═════ INFORMATION PROVIDED ═════

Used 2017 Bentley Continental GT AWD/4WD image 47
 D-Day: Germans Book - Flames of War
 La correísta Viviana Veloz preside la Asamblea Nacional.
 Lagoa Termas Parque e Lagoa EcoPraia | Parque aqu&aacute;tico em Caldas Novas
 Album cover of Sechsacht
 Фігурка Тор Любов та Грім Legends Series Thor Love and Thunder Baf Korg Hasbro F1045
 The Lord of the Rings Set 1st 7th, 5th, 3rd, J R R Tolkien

═════

◆ WORK TO COMPLETE
Please repeat the listing above in full and exactly.

◆ OUTPUT FOR THIS TASK
Used 2017 Bentley Continental GT AWD/4WD image 47
 D-Day: Germans Book - Flames of War
 La correísta Viviana Veloz preside la Asamblea Nacional.
 Lagoa Termas Parque e Lagoa EcoPraia | Parque aqu&aacute;tico em Caldas Novas
 Album cover of Sechsacht
 Фігурка Тор Любов та Грім Legends Series Thor Love and Thunder Baf Korg Hasbro F1045
 The Lord of the Rings Set 1st 7th, 5th, 3rd, J R R Tolkien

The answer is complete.